Called in trainer.py → get_logprobs(), defined in utils.py → entropy_from_logits()
Entropy tells you how uncertain the model was overall. It measures how spread out the model's output distribution is at a given position; it does not tell you whether that confidence is deserved. If the model puts all probability on one token, entropy is near zero. If it spreads probability evenly across many tokens, entropy is high. The formula is Shannon entropy:
$$H = -\sum_i p_i \log p_i$$This is computed from the same softmax output. In code, it works in chunks for memory efficiency:
logps = F.log_softmax(chunk, dim=-1) chunk_entropy = -(torch.exp(logps) * logps).sum(-1)
The trainer logs entropy as a monitoring metric. If entropy collapses during training, the model has become too deterministic and stopped exploring, which is a sign of instability. If entropy stays high, the model is not converging. Healthy training usually shows entropy gradually decreasing as the model becomes more confident about good actions.

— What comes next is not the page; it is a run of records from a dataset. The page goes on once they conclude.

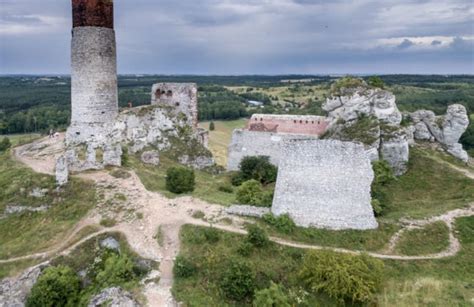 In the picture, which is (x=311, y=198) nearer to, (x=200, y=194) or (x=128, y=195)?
(x=200, y=194)

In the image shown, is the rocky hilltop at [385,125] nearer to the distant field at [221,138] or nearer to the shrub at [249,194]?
the shrub at [249,194]

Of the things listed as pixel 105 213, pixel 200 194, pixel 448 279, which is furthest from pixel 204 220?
pixel 448 279

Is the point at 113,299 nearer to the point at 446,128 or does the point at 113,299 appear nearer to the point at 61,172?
the point at 61,172

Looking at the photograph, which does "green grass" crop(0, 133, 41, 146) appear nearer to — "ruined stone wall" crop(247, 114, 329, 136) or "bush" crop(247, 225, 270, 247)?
"ruined stone wall" crop(247, 114, 329, 136)

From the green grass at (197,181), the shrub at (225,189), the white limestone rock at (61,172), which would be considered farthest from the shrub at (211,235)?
the white limestone rock at (61,172)

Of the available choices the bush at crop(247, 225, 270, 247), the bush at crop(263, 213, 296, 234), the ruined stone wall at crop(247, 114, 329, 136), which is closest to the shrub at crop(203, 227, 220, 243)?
the bush at crop(247, 225, 270, 247)

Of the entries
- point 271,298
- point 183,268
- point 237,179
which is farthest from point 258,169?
point 271,298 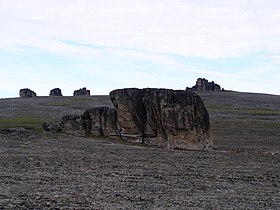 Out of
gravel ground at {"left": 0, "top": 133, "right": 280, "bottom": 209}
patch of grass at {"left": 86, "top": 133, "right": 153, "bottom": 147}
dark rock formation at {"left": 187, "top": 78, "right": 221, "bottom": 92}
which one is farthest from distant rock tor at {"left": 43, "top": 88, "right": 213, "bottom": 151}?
dark rock formation at {"left": 187, "top": 78, "right": 221, "bottom": 92}

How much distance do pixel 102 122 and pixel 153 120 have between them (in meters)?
6.65

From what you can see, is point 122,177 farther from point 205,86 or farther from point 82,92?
point 82,92

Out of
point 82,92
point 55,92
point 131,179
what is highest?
point 82,92

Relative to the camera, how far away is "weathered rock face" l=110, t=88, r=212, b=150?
126ft

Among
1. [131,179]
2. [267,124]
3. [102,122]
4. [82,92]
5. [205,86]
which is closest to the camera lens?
[131,179]

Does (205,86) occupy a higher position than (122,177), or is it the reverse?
(205,86)

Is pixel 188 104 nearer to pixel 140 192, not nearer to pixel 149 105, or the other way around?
pixel 149 105

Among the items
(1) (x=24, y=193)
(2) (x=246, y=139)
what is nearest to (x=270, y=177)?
(1) (x=24, y=193)

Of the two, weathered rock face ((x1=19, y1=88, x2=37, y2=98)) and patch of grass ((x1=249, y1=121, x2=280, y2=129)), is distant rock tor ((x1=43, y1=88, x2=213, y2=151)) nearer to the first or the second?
patch of grass ((x1=249, y1=121, x2=280, y2=129))

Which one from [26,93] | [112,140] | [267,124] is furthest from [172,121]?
[26,93]

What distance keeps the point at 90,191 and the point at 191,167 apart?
30.1 feet

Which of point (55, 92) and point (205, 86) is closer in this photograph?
point (205, 86)

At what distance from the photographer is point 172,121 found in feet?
127

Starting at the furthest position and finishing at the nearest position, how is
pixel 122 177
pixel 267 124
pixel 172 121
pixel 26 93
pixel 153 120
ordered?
pixel 26 93 < pixel 267 124 < pixel 153 120 < pixel 172 121 < pixel 122 177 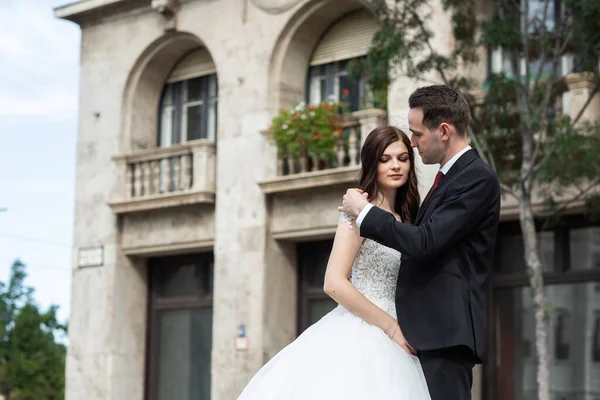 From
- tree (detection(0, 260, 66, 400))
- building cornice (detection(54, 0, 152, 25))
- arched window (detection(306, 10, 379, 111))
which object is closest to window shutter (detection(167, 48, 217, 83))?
building cornice (detection(54, 0, 152, 25))

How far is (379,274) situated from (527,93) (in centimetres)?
810

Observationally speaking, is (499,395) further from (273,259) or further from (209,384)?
(209,384)

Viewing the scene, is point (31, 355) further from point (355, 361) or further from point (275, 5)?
point (355, 361)

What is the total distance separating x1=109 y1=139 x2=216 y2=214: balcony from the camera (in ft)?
60.3

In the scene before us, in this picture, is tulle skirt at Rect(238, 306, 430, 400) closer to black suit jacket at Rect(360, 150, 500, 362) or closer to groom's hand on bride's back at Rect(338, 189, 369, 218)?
black suit jacket at Rect(360, 150, 500, 362)

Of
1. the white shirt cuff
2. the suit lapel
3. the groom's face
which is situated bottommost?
the white shirt cuff

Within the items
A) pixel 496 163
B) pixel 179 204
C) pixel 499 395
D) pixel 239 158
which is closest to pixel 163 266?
pixel 179 204

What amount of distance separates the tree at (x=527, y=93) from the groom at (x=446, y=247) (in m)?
7.74

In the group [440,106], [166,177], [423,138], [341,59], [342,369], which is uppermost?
[341,59]

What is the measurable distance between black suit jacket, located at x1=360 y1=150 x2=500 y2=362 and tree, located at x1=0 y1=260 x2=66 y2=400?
1914 inches

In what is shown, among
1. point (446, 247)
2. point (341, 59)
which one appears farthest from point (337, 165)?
point (446, 247)

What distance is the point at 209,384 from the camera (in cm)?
1881

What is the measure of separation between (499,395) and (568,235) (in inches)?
93.1

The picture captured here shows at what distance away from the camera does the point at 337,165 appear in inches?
651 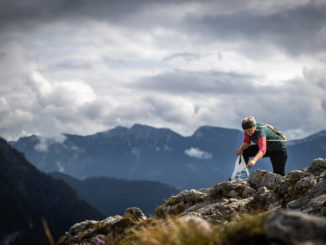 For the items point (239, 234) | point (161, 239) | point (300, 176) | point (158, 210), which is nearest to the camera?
point (239, 234)

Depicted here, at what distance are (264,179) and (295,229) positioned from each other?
8.87 meters

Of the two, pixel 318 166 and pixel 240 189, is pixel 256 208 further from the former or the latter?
pixel 318 166

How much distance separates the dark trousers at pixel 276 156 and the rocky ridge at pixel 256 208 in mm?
474

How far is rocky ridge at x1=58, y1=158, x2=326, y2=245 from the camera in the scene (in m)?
4.20

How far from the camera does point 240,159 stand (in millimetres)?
13586

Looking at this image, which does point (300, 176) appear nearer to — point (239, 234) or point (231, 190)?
point (231, 190)

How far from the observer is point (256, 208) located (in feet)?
33.5

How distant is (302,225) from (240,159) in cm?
956

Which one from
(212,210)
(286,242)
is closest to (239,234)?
(286,242)

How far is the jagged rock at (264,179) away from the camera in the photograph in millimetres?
12114

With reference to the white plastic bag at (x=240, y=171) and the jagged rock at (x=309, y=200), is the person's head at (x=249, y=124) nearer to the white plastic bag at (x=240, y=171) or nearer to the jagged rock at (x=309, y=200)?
the white plastic bag at (x=240, y=171)

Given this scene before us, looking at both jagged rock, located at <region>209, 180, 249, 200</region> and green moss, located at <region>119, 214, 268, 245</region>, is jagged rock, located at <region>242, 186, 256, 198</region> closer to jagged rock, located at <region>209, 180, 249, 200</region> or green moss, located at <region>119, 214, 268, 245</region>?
jagged rock, located at <region>209, 180, 249, 200</region>

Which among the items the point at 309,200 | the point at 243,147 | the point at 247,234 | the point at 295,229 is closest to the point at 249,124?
the point at 243,147

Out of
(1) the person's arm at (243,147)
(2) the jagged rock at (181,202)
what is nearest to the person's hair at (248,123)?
(1) the person's arm at (243,147) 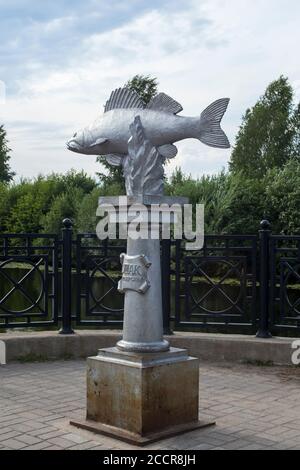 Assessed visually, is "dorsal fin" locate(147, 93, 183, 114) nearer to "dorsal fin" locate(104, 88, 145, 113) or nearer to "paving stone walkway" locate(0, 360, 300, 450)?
"dorsal fin" locate(104, 88, 145, 113)

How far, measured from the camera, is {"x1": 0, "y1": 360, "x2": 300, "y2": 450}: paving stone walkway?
4.54m

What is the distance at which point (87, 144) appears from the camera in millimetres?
4980

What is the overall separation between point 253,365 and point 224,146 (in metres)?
3.24

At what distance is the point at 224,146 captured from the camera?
4.81 metres

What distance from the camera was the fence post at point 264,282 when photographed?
290 inches

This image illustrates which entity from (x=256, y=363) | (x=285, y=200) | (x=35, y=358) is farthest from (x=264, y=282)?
(x=285, y=200)

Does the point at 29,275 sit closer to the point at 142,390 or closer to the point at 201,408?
the point at 201,408

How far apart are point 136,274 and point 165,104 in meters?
1.29

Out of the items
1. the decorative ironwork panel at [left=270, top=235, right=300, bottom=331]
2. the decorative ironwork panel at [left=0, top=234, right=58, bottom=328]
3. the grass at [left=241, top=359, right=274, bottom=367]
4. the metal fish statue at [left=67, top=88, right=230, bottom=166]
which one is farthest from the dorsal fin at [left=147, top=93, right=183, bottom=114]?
the grass at [left=241, top=359, right=274, bottom=367]

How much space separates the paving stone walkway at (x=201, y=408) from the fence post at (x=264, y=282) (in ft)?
1.63

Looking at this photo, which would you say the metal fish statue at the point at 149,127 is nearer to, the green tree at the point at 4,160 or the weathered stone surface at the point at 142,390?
the weathered stone surface at the point at 142,390

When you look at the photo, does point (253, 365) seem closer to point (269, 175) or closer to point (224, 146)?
point (224, 146)
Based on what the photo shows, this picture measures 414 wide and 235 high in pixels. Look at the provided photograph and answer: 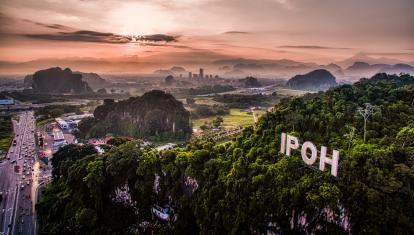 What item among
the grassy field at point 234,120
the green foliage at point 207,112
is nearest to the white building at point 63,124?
the grassy field at point 234,120

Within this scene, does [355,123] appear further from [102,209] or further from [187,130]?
[187,130]

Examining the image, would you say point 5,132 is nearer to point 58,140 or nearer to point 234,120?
point 58,140

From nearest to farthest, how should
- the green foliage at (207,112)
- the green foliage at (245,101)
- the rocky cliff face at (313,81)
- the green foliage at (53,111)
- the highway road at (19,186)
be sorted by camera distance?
the highway road at (19,186)
the green foliage at (207,112)
the green foliage at (53,111)
the green foliage at (245,101)
the rocky cliff face at (313,81)

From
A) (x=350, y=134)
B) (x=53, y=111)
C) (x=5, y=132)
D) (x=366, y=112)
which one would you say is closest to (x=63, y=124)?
(x=5, y=132)

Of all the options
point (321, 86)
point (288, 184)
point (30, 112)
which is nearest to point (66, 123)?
point (30, 112)

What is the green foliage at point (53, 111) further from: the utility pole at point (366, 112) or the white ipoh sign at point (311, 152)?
the utility pole at point (366, 112)

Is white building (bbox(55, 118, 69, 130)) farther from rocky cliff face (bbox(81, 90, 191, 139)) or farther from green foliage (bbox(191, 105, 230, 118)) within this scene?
A: green foliage (bbox(191, 105, 230, 118))
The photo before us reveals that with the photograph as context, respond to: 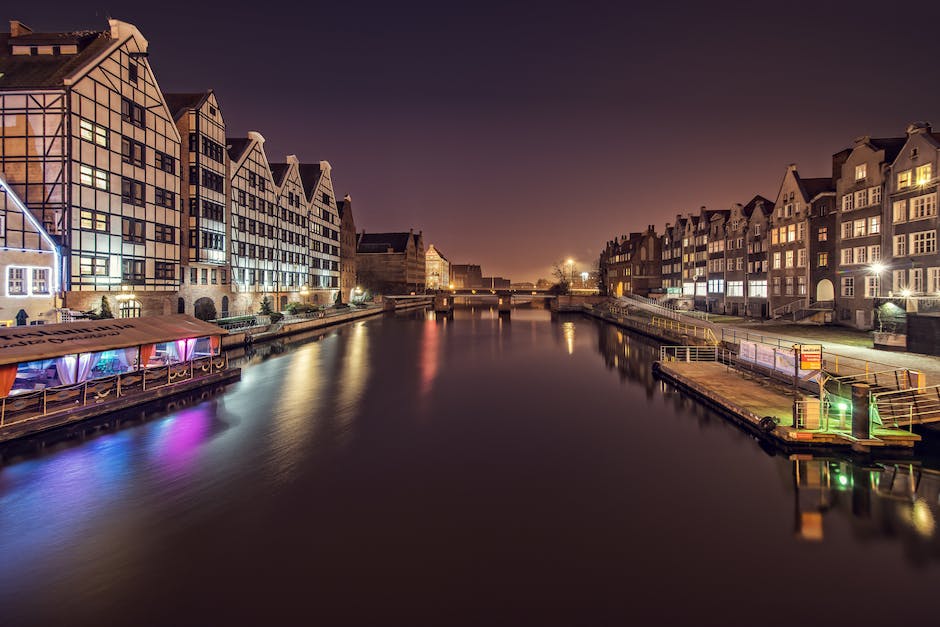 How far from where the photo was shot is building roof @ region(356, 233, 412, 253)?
153125mm

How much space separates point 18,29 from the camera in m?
42.9

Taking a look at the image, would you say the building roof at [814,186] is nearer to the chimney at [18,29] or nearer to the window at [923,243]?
the window at [923,243]

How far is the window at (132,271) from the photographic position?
41.6 meters

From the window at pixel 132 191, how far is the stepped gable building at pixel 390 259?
96.1m

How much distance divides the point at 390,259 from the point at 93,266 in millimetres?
113553

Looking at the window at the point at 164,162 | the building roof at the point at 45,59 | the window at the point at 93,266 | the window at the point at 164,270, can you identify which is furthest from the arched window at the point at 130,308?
the building roof at the point at 45,59

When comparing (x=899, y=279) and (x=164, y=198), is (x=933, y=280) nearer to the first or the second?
(x=899, y=279)

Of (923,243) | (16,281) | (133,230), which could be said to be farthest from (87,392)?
(923,243)

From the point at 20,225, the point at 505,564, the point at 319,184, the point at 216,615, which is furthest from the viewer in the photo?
the point at 319,184

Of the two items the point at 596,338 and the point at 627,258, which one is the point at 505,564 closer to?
the point at 596,338

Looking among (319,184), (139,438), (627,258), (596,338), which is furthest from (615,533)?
(627,258)

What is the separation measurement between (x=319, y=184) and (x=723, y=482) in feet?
281

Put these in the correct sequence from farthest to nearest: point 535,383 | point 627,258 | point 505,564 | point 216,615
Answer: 1. point 627,258
2. point 535,383
3. point 505,564
4. point 216,615

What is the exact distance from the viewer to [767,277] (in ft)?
200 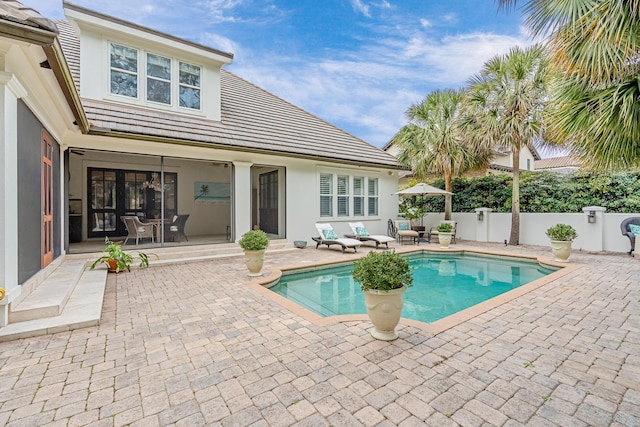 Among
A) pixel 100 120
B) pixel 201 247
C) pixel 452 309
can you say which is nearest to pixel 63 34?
pixel 100 120

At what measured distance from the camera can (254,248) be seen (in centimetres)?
692

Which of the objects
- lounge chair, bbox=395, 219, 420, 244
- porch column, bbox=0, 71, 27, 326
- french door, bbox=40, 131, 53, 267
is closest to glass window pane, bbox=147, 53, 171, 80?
french door, bbox=40, 131, 53, 267

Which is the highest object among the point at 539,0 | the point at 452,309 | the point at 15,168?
the point at 539,0

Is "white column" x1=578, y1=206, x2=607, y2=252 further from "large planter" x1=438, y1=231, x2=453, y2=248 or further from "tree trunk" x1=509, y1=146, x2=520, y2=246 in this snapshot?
"large planter" x1=438, y1=231, x2=453, y2=248

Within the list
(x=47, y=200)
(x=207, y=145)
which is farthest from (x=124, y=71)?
(x=47, y=200)

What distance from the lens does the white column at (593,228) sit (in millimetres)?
10715

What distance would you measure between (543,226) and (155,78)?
15.3m

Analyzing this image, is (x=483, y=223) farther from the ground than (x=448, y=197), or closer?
closer

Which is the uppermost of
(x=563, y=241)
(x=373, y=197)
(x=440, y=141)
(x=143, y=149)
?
(x=440, y=141)

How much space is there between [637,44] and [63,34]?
1504 centimetres

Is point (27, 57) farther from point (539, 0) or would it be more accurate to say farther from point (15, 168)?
point (539, 0)

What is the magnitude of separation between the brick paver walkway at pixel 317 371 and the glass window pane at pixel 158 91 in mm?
7313

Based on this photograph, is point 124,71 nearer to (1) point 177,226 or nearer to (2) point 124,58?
(2) point 124,58

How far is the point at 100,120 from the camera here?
26.4ft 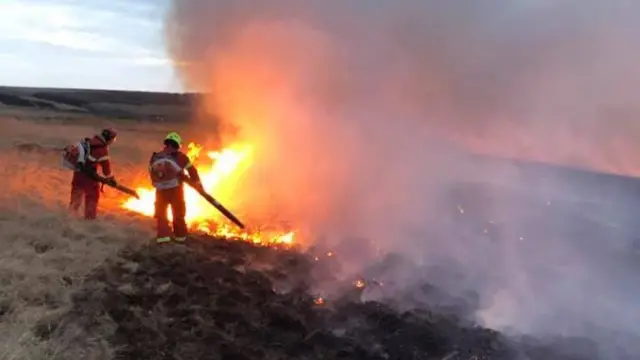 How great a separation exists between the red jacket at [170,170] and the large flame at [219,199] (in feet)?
4.64

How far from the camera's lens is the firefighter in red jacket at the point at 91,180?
1312 centimetres

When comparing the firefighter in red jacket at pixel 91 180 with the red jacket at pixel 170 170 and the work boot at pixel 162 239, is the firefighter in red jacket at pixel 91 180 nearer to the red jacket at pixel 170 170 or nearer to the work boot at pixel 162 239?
the red jacket at pixel 170 170

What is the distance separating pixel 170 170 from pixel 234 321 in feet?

Computed in trainer.py → compute_loss() as mismatch_kl
KL divergence tells you how far one policy has moved from another. Where entropy measures how spread out one distribution is, KL divergence measures how different two distributions are from each other. In RL post-training, it measures how far the current policy has drifted from a reference or earlier policy:
$$D_{\text{KL}}(p \| q) = \sum_i p_i \log \frac{p_i}{q_i}$$Full KL divergence would require computing softmax over the entire vocabulary under both policies at every position — extremely expensive. The trainer does not do this. Instead, it uses a per-token approximation: it takes the log-prob of the sampled token under both the current and the inference policy, computes the ratio between them, and applies the approximation $e^r - r - 1$:
# importance ratio in log space — only for the sampled token log_importance_ratio = trainer_logprobs - inference_logprobs # per-token KL approximation (not full-distribution KL) mismatch_kl = torch.exp(log_importance_ratio) - log_importance_ratio - 1
This is not the full distribution-level KL. It only asks: for this specific token that was chosen, how much did the probability change? It is a lightweight proxy — if even the sampled token's probability has shifted drastically, the full distribution has probably shifted a lot too. The approximation $e^r - r - 1$ is always non-negative, equals zero when the two policies agree, and penalizes large deviations in either direction regardless of sign. Together with importance ratio clipping (masking when the ratio falls outside $[0.125,\, 8.0]$), it acts as the leash that keeps the policy from drifting too far in a single update.